I have a dataframe with some messy descriptions in years and months in spanish, and I need to do some cleaning before I can use regex to get two numeric columns for years and months.
df = DataFrame(length_of_contact = ["25 AÑOS", "5 años 9 meses", "15 años "])
df = @transform(df,
length_of_contact = lowercase.(:length_of_contact),
length_of_contact = replace.(:length_of_contact, "Ñ", "n"),
length_of_contact = replace.(:length_of_contact, "ñ", "n"),
length_of_contact = replace.(:length_of_contact, "7meses", "7 meses"))
The issue is that each time I refer to :length_of_contact
, DataFramesMeta refers to the column :length_of_contact
before the beginning of the @tranform
block. Rather, I would like to perform a set of small sequential changes on the variable.
Am I going about this process the wrong way? Or is there a PR in the 0.7
build that might fix this (I am using 0.6.2
)? Obviously, i could imagine that this isn’t trivial due to the metaprogramming involved.
Thanks
My guess is that when you write it like that it does not work them sequentially as you might expect.
You could try
df = @linq df |>
transform(length_of_contact = lowercase.(:length_of_contact)) |>
transform(length_of_contact = replace.(:length_of_contact, "Ñ", "n")) |>
transform(length_of_contact = replace.(:length_of_contact, "ñ", "n")) |>
transform(length_of_contact = replace.(:length_of_contact, "7meses", "7 meses"))
Why not apply all operations at the same time? I.e. lowercase.(replace.(replace.(...)))
? That should also be more efficient.
Yes I am trying to use Lazy.jl to do this right now. Hopefully I will figure it out!
EDIT: I was able to figure it out, for the most part.
This works:
df = @transform(df,
length_of_contact = @> :length_of_contact lowercase.() replace.("ñ", "n"))
But this throws an error:
df = @transform(df,
length_of_contact = @> :length_of_contact
lowercase.()
replace.("ñ", "n"))
It tells me
ERROR: LoadError: syntax: missing comma or ) in argument list
Stacktrace:
[1] include_from_node1(::String) at .\loading.jl:576
[2] include(::String) at .\sysimg.jl:14
while loading C:\Users\Pdeffebach\Documents\cleaning\julia_cleaning.jl, in expression starting on line 49
I think the second way is much more readable.
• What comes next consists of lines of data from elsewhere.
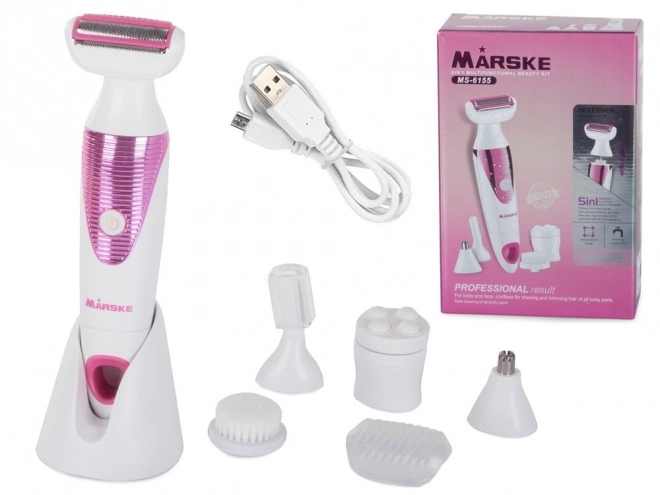 Dames multifunctionele epilator en scheerapparaat 5-in-1 met draadloze standaard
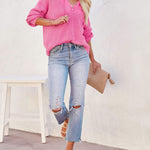 Women's Oversized Sweater V Neck Hooded Pullover Sweater Long Sleeve Knitted Jumper Tops - Zeagoo (Us Only)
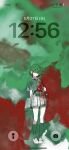  1girl absurdres ai-generated bag closed_mouth collared_shirt commentary_request danganronpa_(series) danganronpa_2:_goodbye_despair green_background green_hair highres io_io kneehighs koizumi_mahiru looking_at_viewer miniskirt necktie pleated_skirt red_background shirt shoes short_hair short_sleeves shoulder_bag skirt socks solo striped_clothes striped_necktie 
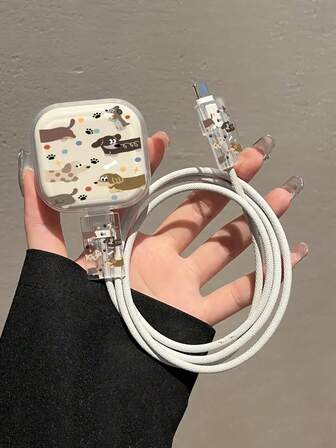 3-In-1 Cute Dog, Polka Dot, Cat, Tulip Pattern Protective Case & Cable Sleeve Set Compatible With Apple 18W/20W Charger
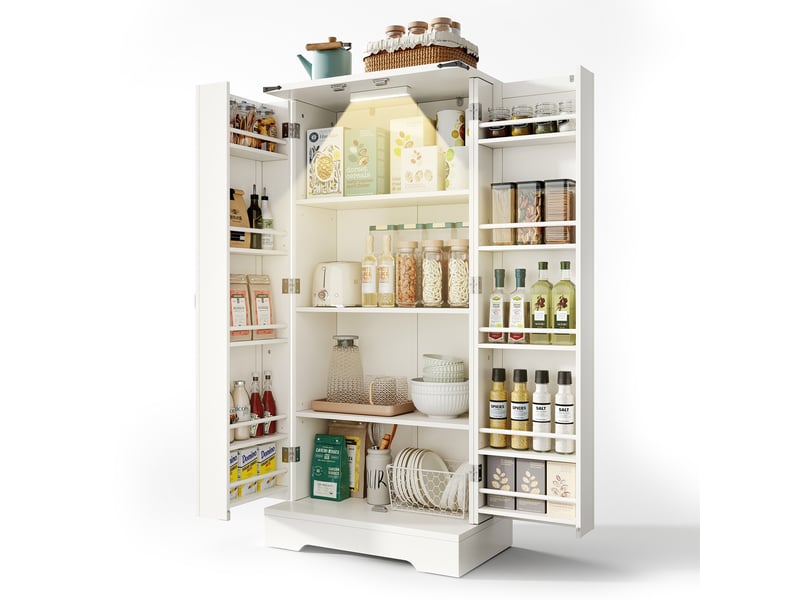  Armoire de cuisine 128,5 cm, buffet de rangement style campagne avec éclairage led, 2 portes, étagères réglables, blanc  - Conforama A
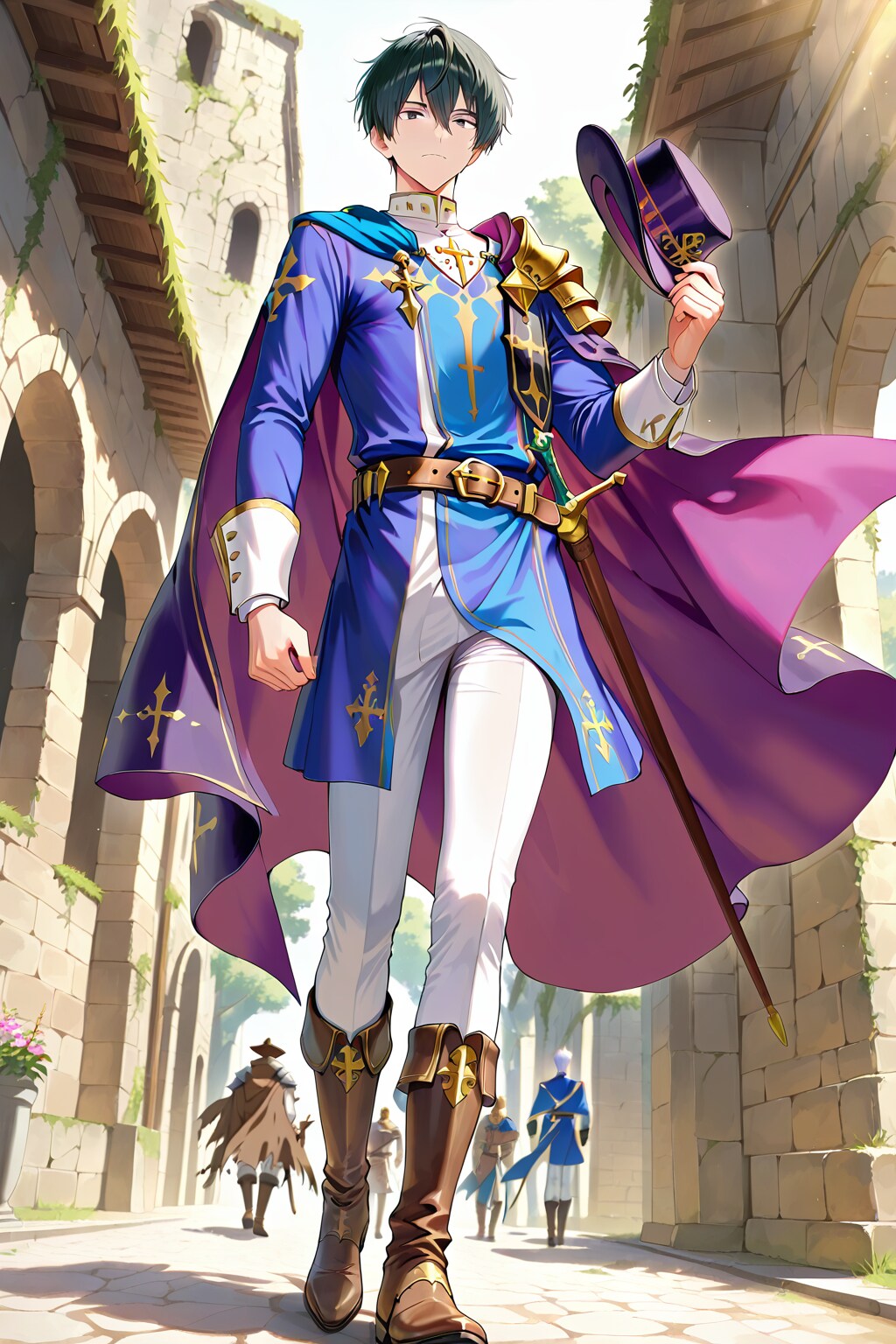 ファンタジー遺跡地下、アニメ風若き司教1-1-2-3-4-2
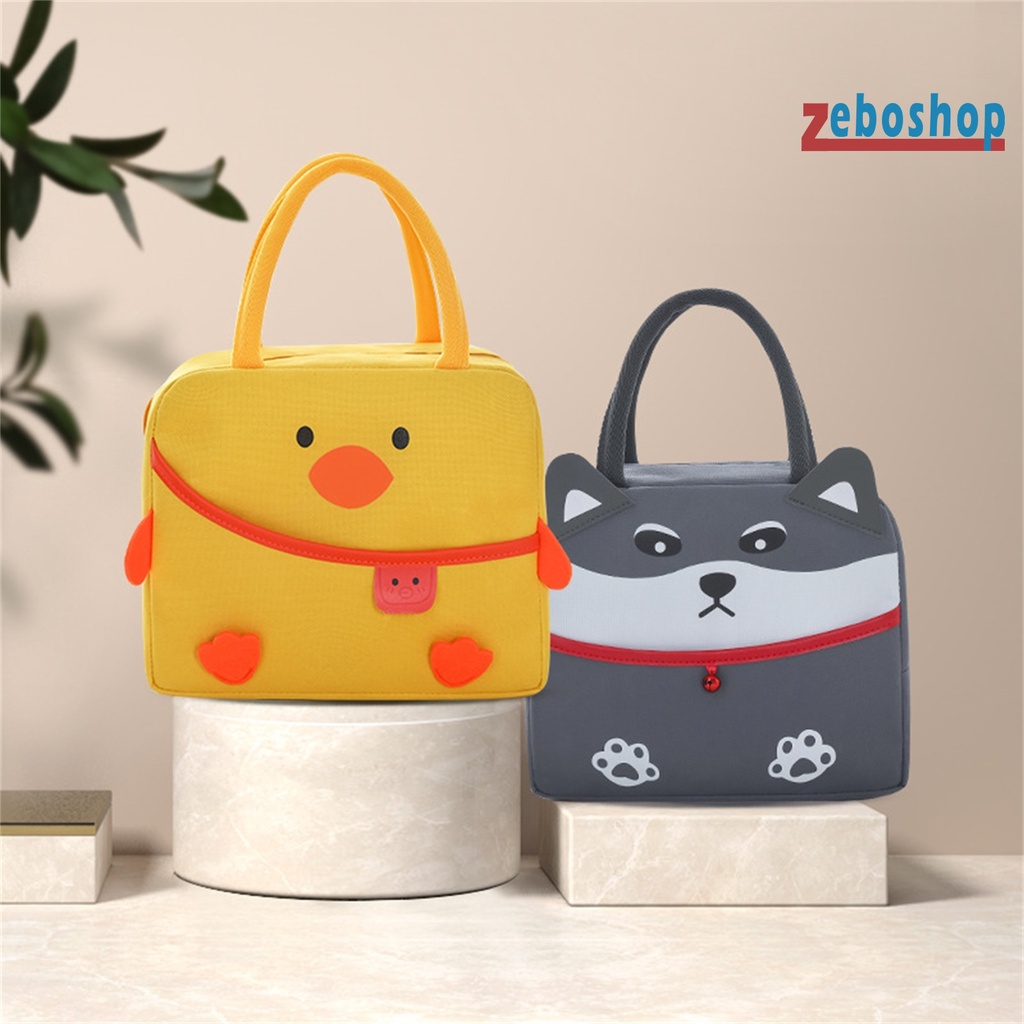 Túi Đựng Cơm Trưa Bằng Vải Oxford Sức Chứa Lớn In Họa Tiết Hoạt Hình Có Khóa Kéo Tiện Dụng Cho Văn Phòng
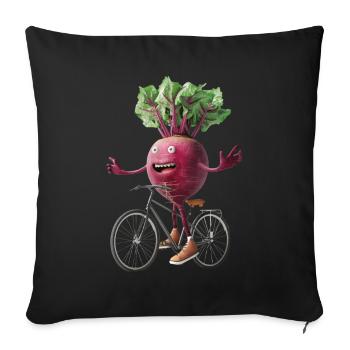 Beetroot Bicycle - Sofa pillowcase 17,3'' x 17,3'' (45 x 45 cm) - black - Front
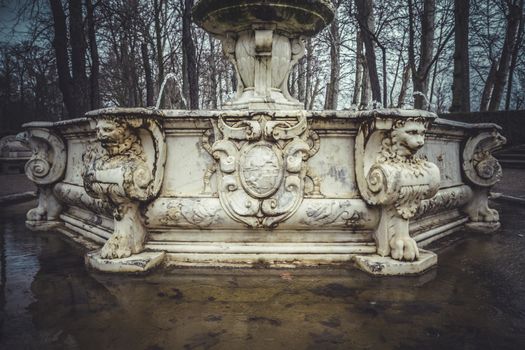 Ornamental fountains of the Palace of Aranjuez, Madrid, Spain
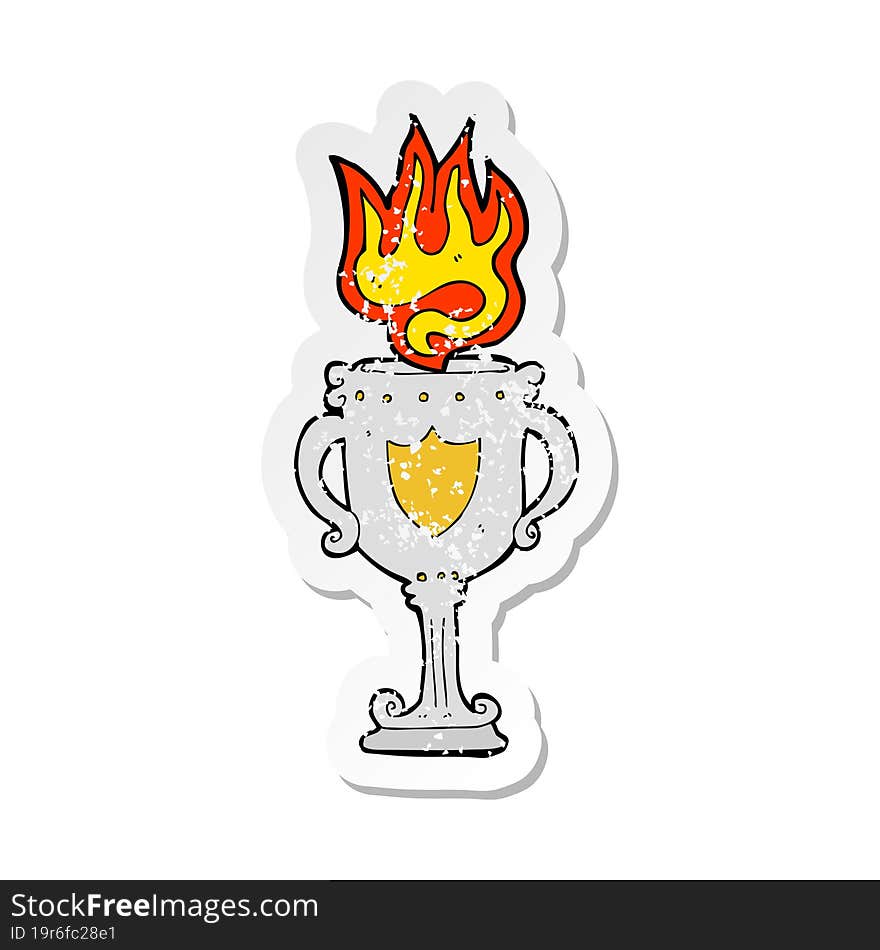 retro distressed sticker of a cartoon trophy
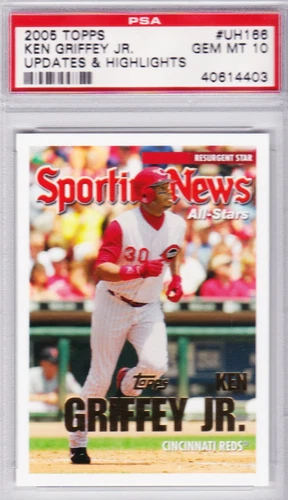 2005 Topps Ken Griffey Jr. PSA 10 Updates & Highlights Baseball Card #UH166 Mint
Does anyone know how hard it would be to get Lazy to work with new lines like that?
@> begin
:length_of_contact
lowercase.()
replace.("ñ", "n"))
end
1 Like
This is it, thanks!
This syntax is incredibly readable and concise. Thanks to the contributors of Lazy.jl and DataFramesMeta.jl! I am working on something that compares a data cleaning task in Stata and Julia, and I was expecting Stata to be more readable, but maybe not!